By Kris Tuttle
Recent inputs regarding investor interest in Shanghai property shows it’s again running very high. There are some key structural reasons this is probably a good time to be considering taking some positions here:
- The Chinese are now making it easier to buy property. A recent offering calls for investors to come up with a 30% downpayment to receive a 4% loan for the remaining 70%. The 3% deed tax and 0.05% stamp duty is now very low. The capital gain tax has been reduced (for resales within 2 years) to 5% of the gain versus what had been 5% of the entire amount.

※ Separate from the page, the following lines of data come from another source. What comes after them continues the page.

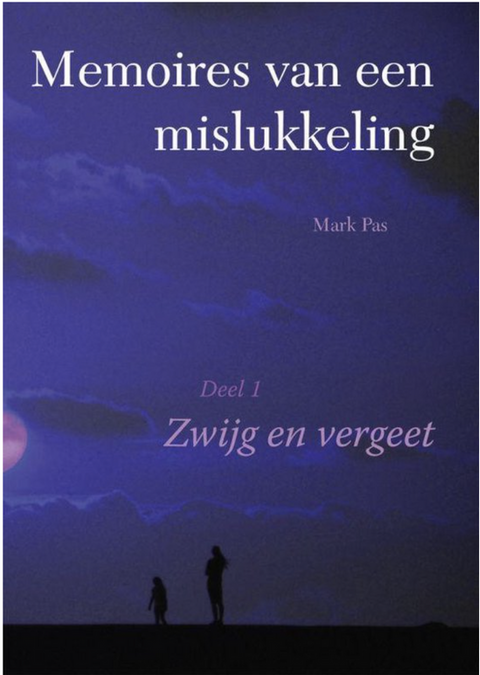 Memoires van een mislukkeling / 1 Zwijg en vergeet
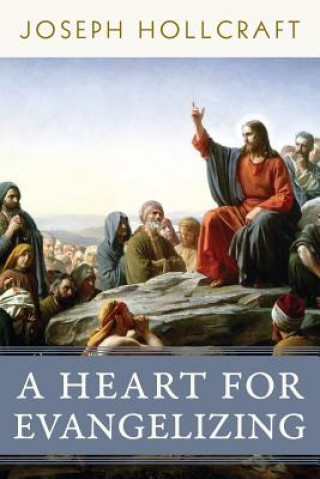 Kniha Heart for Evangelizing JOSEPH HOLLCRAFT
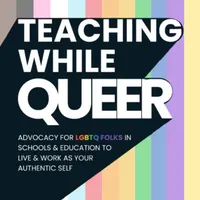 Queering Education: LGBTQ+ Inclusive Teaching, Queer Pedagogy, and Real Classroom Practice artwork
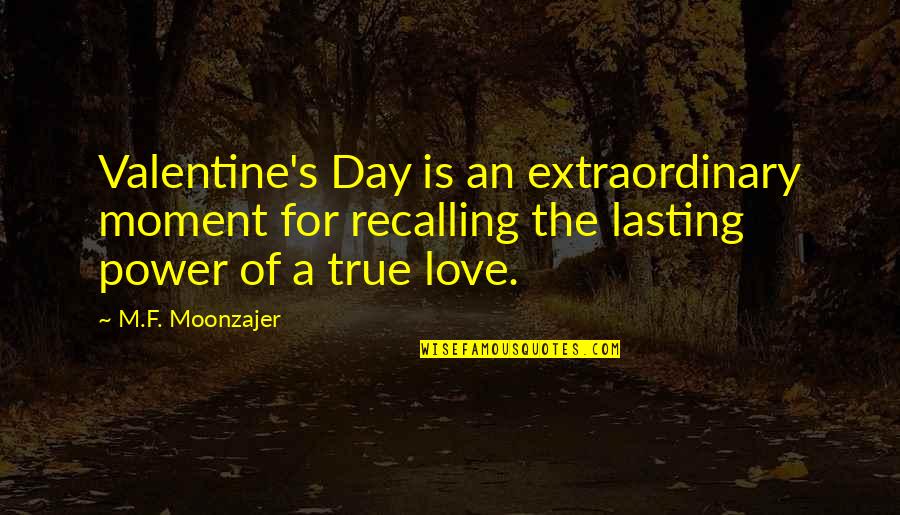 Extraordinary Love Quotes By M.F. Moonzajer: Valentine's Day is an extraordinary moment for recalling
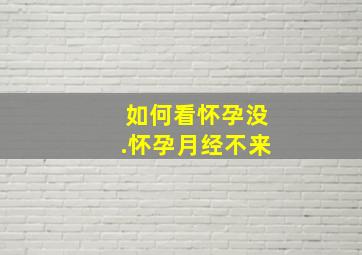 如何看怀孕没.怀孕月经不来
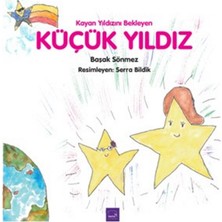 Kayan Yıldızını Bekleyen Küçük Yıldız - Başak Sönmez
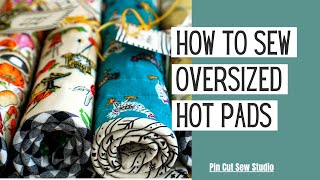 Large Hot Pads for Casserole Dishes A Sewing Tutorial [upl. by Dihahs817]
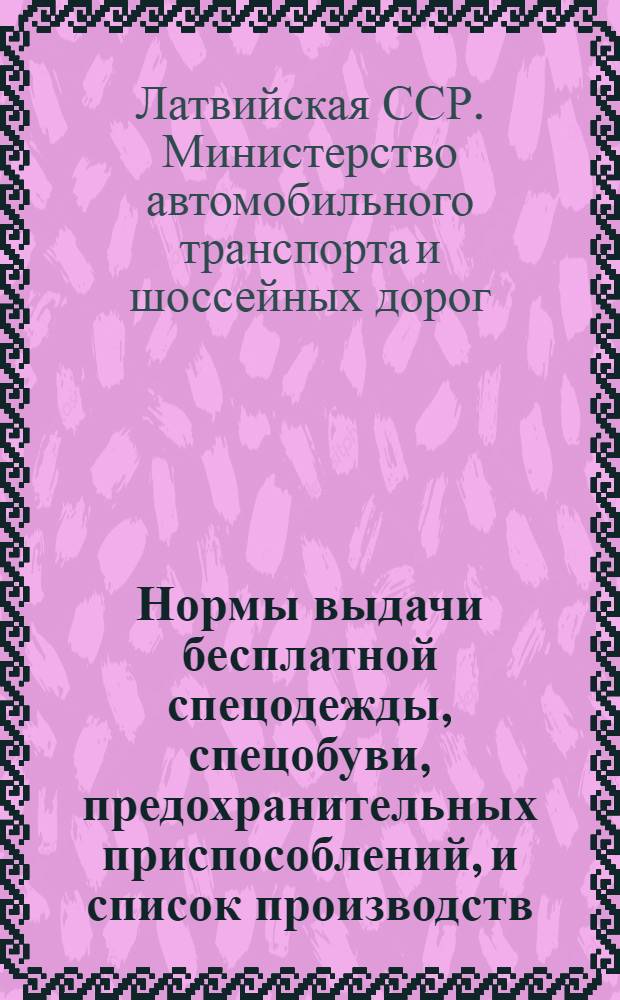 Нормы выдачи бесплатной спецодежды, спецобуви, предохранительных приспособлений, и список производств, цехов, профессий и должностей с вредными условиями труда и сокращенным рабочим днем для предприятий Министерства автомобильного транспорта и шоссейных дорог Латвийской ССР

- Recent policy changes to allow the local currency to appreciate gradually adds an additional kicker to returns to external investors that makes this even more attractive. Although exchange rates are unpredictable, most feel that the RMB has been kept down structurally and will tend to trend up over time versus other major currencies.
Caution on China is always a good idea and we know that there is still inventory to be worked off in a number of major cities there. However the global investor appetite for this asset class looks like it will be aided and abetted by changes in deal terms and exchange rates.
Many investors have gone to China or Hong Kong to cash in this trend over the last decade or so. Those of us wanting to exploit this trend in a less wholehearted way might look to the new Claymore China Real Estate ETF (TAO) for a simple way to have exposure. We can’t speak to the quality of this ETF but in a market offering few such choices this one is at least available.
Disclosure: At the time of this writing we hold a few shares of TAO in our own and managed accounts.